Bruce Ratner tells the New York Daily News, "For 100 years, this was a train depot in the middle of downtown Brooklyn. Now it’s the greatest arena I’ve ever seen.”

No, it wasn't.

About half the arena site was a railyard used to store and service trains. The rest consisted of buildings where people lived and worked, as well as a public street.

Nor was that a depot, in the common definition: a "building for railroad or bus passengers or freight."

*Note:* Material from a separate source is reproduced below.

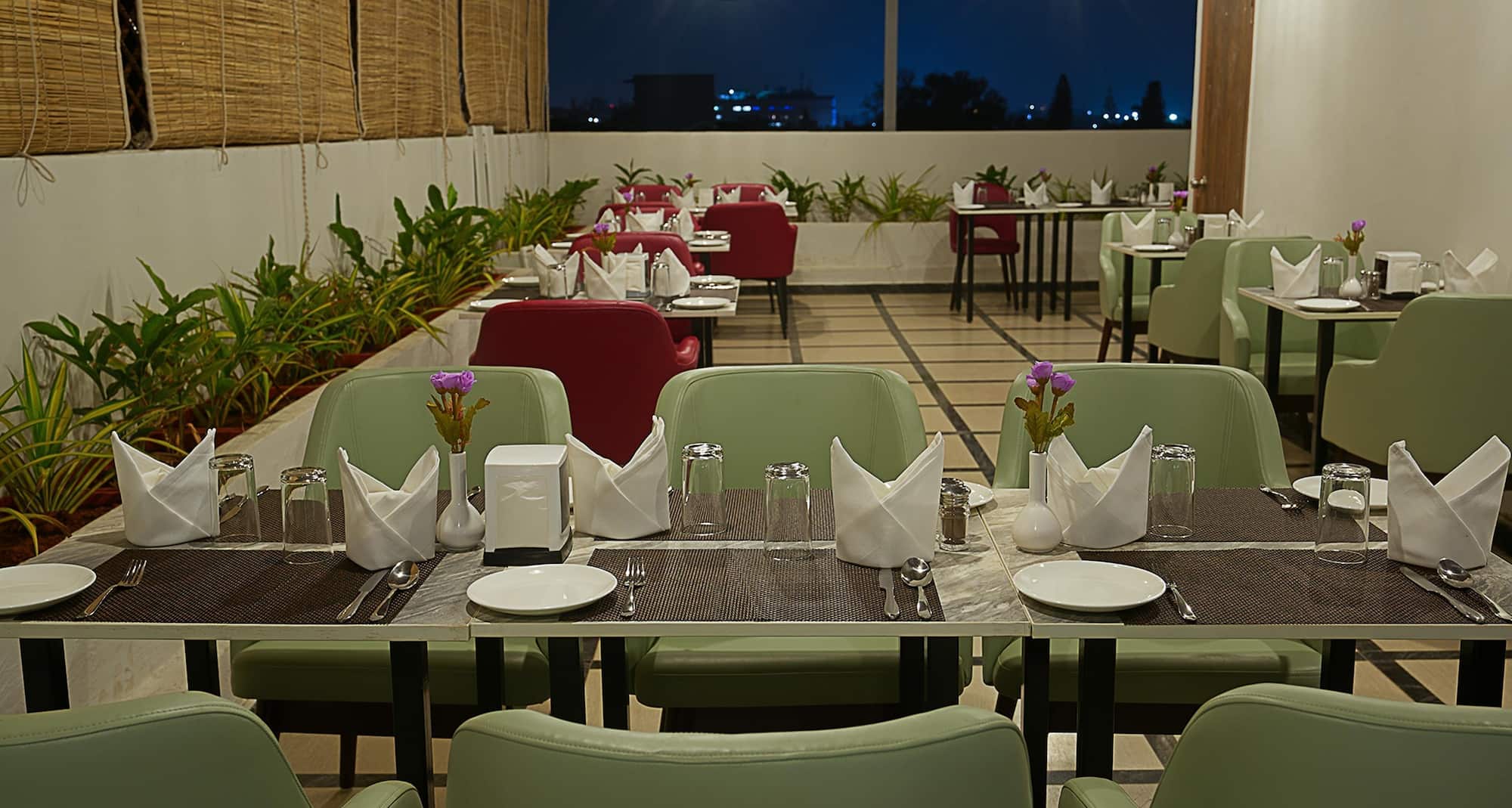 Grand Continent Malleshwaram A Sarovar Portico Affiliate Hotel - Restaurant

Nor was it "in the middle of downtown Brooklyn" but rather in Prospect Heights. And even if you consider the arena site an extension of Downtown Brooklyn--as Forest City surely will argue--it's by no stretch of the imagination in the middle.

"Extreme joy"

The cheerleading piece is by real estate correspondent Jason Sheftell, known for real estate hype. At least the author doesn't call it Downtown Brooklyn:
Even in midconstruction, there are moments touring the Barclays Center in Prospect Heights when you can’t help but feel extreme joy
...It’s not just that pro sports are back in the borough for the first time since 1957; it’s the arena’s shape, design, intent, location, housing, public space and stubborn persistence it took to get this here.
Note that Ratner continues to call the arena "the first truly 21st-century building in New York City," which surely he'd have said about the Frank Gehry-designed Beekman Tower.